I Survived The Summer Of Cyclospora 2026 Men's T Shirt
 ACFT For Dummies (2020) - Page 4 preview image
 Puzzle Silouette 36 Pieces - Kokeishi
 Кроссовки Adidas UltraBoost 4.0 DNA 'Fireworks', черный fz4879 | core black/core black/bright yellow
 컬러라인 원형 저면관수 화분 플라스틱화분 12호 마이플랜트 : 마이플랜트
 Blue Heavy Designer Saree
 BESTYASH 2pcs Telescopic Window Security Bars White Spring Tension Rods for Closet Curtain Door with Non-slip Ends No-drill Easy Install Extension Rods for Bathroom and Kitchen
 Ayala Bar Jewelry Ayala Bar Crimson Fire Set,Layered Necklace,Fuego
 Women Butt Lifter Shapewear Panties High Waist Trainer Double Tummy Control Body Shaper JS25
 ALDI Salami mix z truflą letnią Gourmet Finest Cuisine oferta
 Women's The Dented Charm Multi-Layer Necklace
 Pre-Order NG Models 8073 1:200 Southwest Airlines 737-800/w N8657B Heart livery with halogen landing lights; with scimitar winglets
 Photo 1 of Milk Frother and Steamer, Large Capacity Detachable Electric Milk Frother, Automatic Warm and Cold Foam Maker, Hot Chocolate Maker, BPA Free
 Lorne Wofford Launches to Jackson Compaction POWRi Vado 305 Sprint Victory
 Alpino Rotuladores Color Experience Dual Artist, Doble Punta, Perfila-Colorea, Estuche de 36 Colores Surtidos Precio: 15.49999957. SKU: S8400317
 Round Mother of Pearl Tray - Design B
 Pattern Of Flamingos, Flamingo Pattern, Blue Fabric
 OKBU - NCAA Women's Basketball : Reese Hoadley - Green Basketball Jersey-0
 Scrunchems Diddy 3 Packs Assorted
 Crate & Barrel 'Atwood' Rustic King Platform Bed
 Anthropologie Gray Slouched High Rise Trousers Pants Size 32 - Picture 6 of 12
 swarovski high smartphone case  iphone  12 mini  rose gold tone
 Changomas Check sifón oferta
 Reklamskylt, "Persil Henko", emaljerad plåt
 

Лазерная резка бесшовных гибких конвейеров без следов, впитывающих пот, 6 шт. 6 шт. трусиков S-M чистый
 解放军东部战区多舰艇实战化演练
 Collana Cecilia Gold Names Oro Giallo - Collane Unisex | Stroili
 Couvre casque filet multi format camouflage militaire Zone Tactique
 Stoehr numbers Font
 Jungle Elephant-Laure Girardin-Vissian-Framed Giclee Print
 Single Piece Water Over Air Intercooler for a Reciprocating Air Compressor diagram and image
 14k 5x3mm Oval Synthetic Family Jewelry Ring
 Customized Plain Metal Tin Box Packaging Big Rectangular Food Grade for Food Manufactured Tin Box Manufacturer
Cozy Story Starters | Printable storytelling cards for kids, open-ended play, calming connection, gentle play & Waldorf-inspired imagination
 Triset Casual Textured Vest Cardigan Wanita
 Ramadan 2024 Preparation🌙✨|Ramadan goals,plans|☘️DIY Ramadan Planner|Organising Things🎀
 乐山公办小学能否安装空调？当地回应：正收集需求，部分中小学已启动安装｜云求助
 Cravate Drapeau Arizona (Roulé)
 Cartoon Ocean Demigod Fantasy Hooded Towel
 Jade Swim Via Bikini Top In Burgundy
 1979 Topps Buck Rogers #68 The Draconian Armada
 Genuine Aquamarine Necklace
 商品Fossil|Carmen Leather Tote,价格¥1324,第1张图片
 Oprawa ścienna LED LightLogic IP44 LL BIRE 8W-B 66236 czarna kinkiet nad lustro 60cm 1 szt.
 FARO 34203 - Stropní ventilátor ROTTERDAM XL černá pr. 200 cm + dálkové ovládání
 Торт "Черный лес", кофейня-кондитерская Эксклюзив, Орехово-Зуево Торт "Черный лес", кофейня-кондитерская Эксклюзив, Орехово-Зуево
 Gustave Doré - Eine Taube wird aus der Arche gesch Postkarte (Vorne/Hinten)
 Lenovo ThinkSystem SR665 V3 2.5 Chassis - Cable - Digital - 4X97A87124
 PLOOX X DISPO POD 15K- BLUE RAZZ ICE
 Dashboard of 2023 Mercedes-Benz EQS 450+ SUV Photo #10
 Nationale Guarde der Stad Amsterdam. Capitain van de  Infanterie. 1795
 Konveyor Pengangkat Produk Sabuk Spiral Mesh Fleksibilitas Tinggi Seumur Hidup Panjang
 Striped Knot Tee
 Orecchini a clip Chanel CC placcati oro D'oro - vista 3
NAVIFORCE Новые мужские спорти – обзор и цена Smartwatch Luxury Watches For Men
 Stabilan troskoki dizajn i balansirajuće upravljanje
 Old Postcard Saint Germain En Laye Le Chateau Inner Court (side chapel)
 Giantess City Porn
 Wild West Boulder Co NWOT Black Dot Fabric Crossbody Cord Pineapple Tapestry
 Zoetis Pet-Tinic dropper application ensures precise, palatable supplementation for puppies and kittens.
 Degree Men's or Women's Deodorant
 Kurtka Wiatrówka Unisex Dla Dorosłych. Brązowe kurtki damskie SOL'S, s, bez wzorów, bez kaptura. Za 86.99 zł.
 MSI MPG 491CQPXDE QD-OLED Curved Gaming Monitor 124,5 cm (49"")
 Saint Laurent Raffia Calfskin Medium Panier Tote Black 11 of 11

+--

Directions: Note each line of the entries that has "Photo" in it, and copy those lines.

Exercise response:
 Photo 1 of Milk Frother and Steamer, Large Capacity Detachable Electric Milk Frother, Automatic Warm and Cold Foam Maker, Hot Chocolate Maker, BPA Free
 Dashboard of 2023 Mercedes-Benz EQS 450+ SUV Photo #10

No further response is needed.